Gossett attended New York University on a basketball and drama scholarship and then studied acting with Marilyn Monroe, Martin Landau and Steve McQueen at an offshoot of the Actors Studio taught by Frank Silvera.

In 1959, Gossett received critical acclaim for his role in the Broadway production of A Raisin in the Sun along with Sidney Poitier, Ruby Dee and Diana Sands. Two years later, he would appear in the film adaptation.

He went on to become a star on Broadway, replacing Billy Daniels in Golden Boy with Sammy Davis Jr. in 1964.
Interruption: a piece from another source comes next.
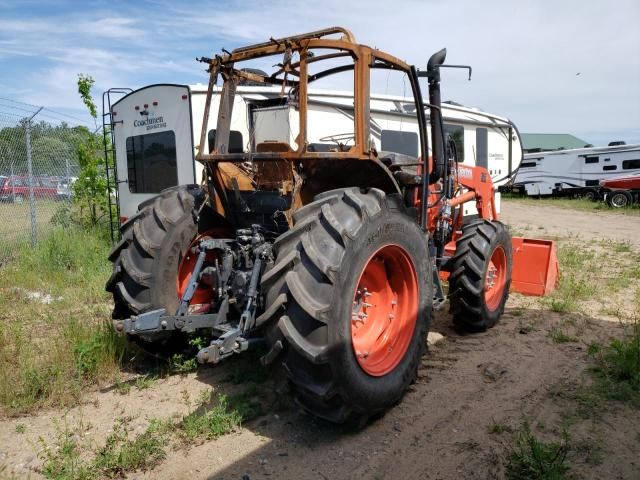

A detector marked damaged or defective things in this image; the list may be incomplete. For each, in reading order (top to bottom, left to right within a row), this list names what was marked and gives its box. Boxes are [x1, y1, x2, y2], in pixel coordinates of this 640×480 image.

burned kubota tractor [107, 27, 556, 424]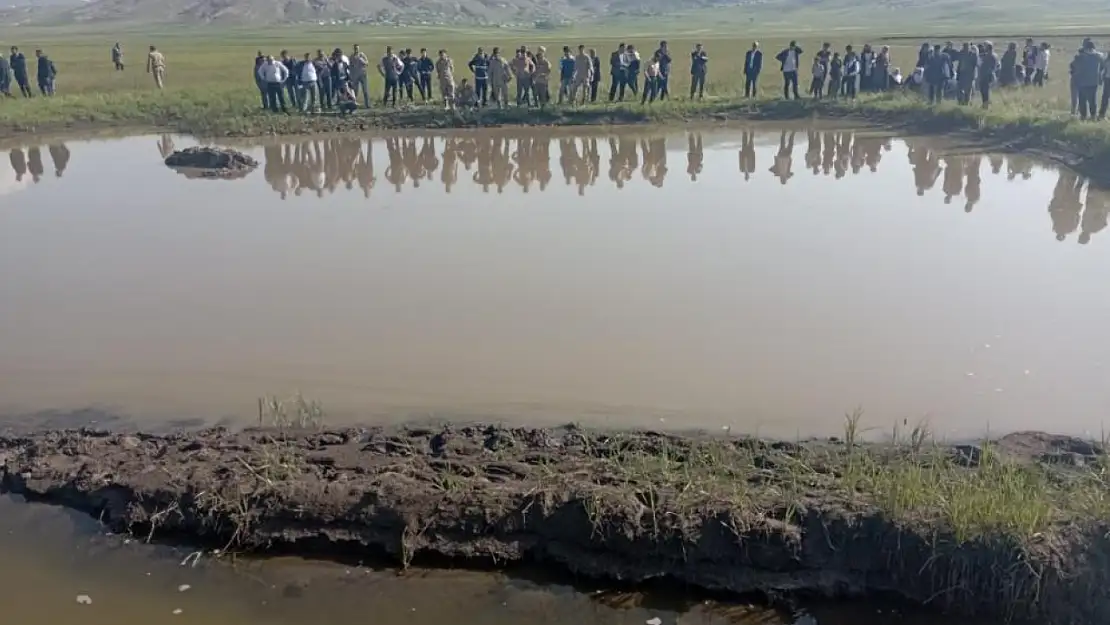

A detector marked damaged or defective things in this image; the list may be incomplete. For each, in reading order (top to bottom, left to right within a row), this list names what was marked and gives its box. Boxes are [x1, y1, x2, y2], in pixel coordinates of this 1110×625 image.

broken embankment [0, 426, 1104, 620]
In 1968, he returned to Hollywood for a major role in Companions in Nightmare, NBC’s first made-for-TV movie.

During filming, Gossett was booked into the Beverly Hills Hotel and Universal Studios had rented him a convertible. Driving back to the hotel after picking up the car, he was stopped by a Los Angeles County sheriff’s officer.

Within minutes, he was stopped by eight sheriff’s officers, who had him lean against the car and made him open the trunk while they called the car rental agency before letting him go.

“Though I understood that I had no choice but to put up with this abuse, it was a terrible way to be treated, a humiliating way to feel,” Gossett wrote in his memoir. “I realized this was happening because I was Black and had been showing off with a fancy car — which, in their view, I had no right to be driving.”

Steady work, then breakthrough

Gossett made a series of guest appearances on such shows as Bonanza, The Rockford Files, The Mod Squad and a memorable turn with Richard Pryor on The Partridge Family.

After the landmark event of Roots, Gossett appeared in such TV movies and miniseries such as The Story of Satchel Paige and Backstairs at the White House.

Gossett struggled with alcohol and cocaine addiction for years after his Oscar win. He went to rehab, where he was diagnosed with toxic mold syndrome, which he attributed to his house in Malibu.

He is survived by sons Satie, a producer-director from his second marriage, and Sharron, a chef.

Gossett’s first marriage to Hattie Glascoe was annulled. His second, to Christina Mangosing, ended in divorce in 1975, as did his third to actor Cyndi James-Reese in 1992.